> **Task item**
After locating the line that contains "マンスリーマンションプラン(2ヶ月以上1", quote it and all lines after it through the end of the entries, and nothing more. Pictures stay out.

> **Supplied data**
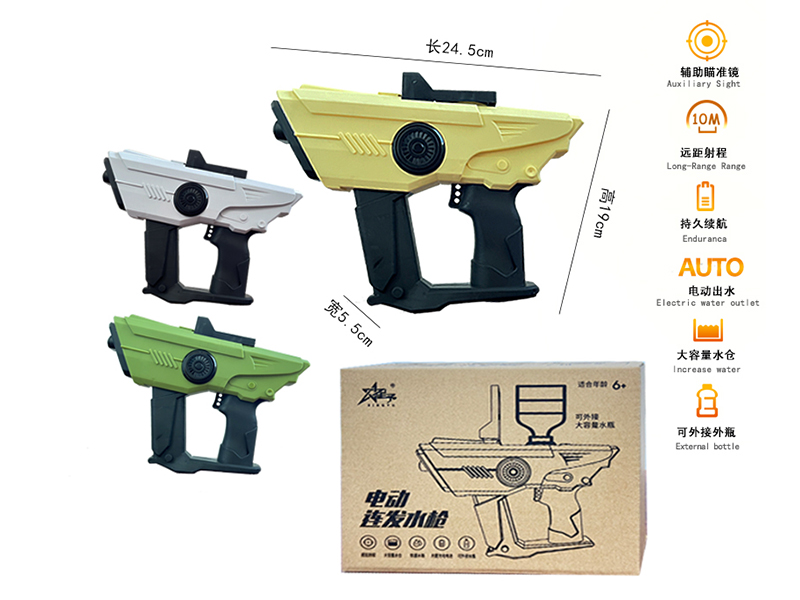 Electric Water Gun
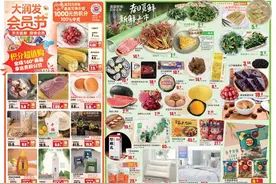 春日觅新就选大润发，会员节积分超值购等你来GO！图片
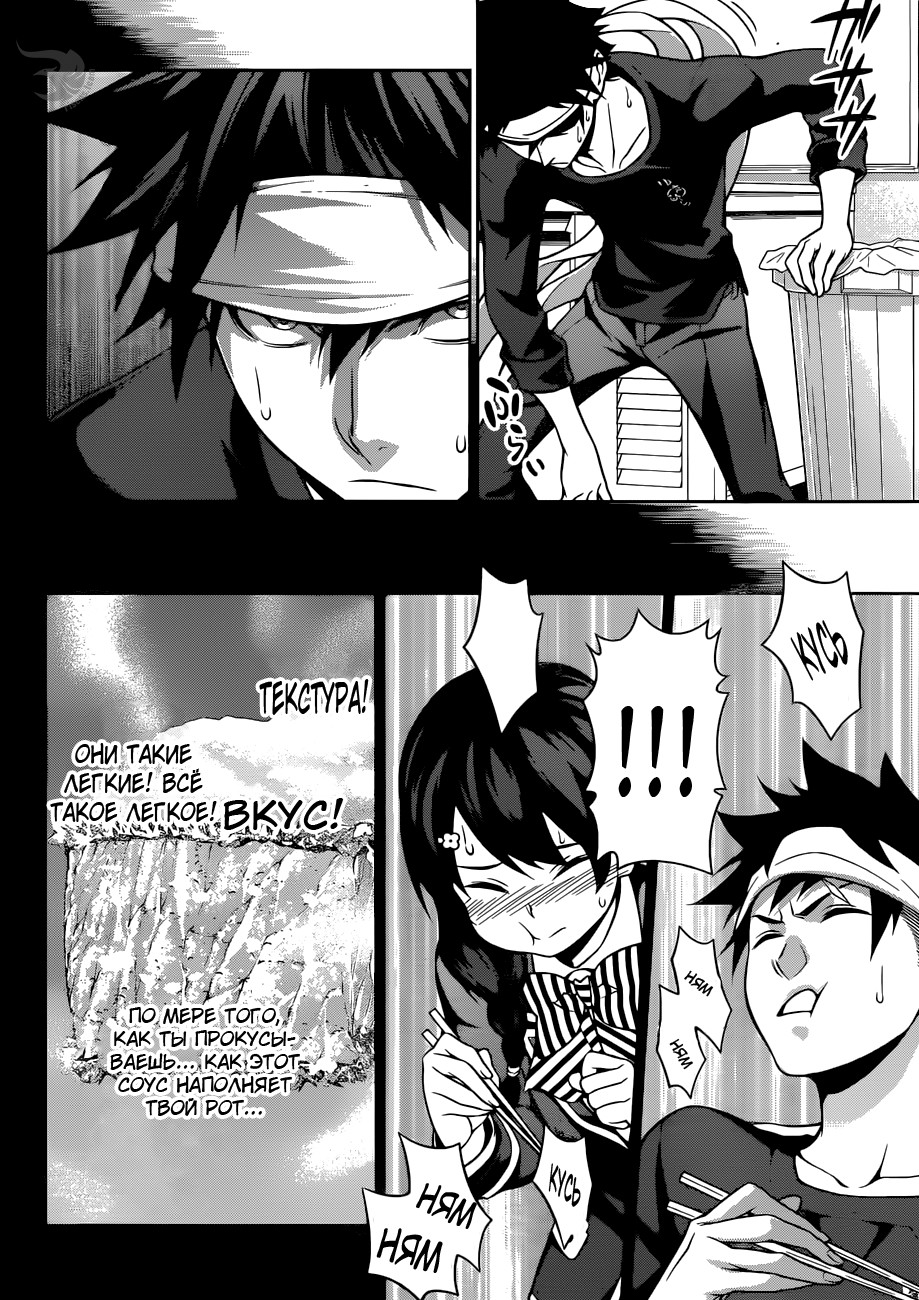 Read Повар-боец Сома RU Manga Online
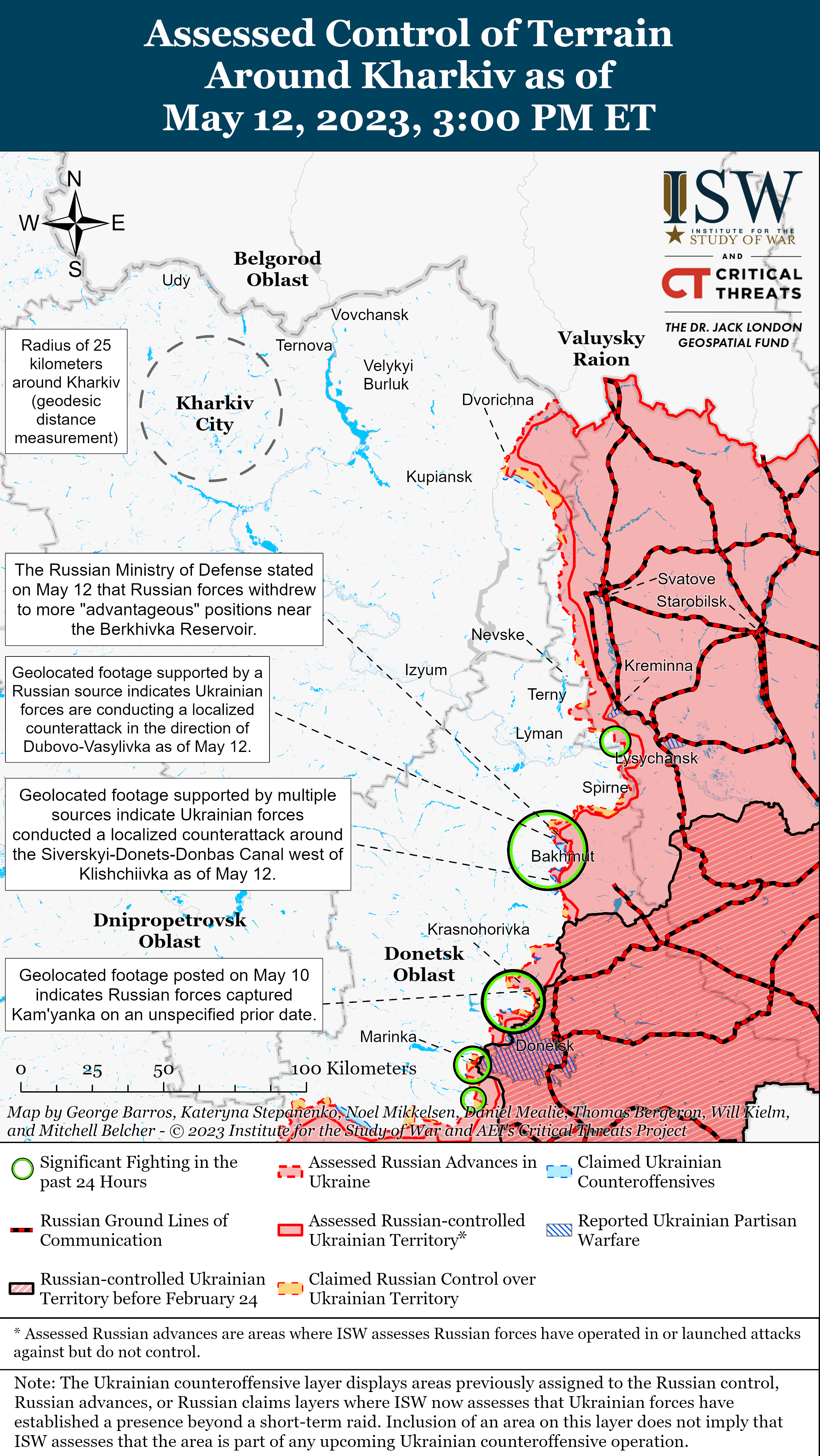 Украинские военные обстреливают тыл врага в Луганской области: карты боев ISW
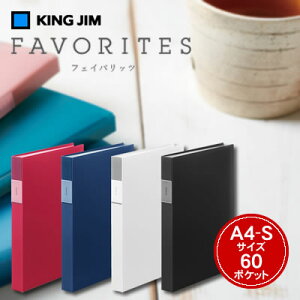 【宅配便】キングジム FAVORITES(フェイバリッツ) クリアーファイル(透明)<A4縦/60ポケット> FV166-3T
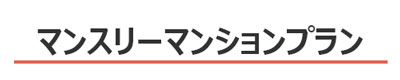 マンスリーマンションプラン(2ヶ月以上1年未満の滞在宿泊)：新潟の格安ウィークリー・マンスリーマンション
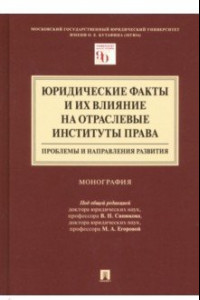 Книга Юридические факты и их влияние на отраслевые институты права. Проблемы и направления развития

> **Completed task**
 マンスリーマンションプラン(2ヶ月以上1年未満の滞在宿泊)：新潟の格安ウィークリー・マンスリーマンション
 Книга Юридические факты и их влияние на отраслевые институты права. Проблемы и направления развития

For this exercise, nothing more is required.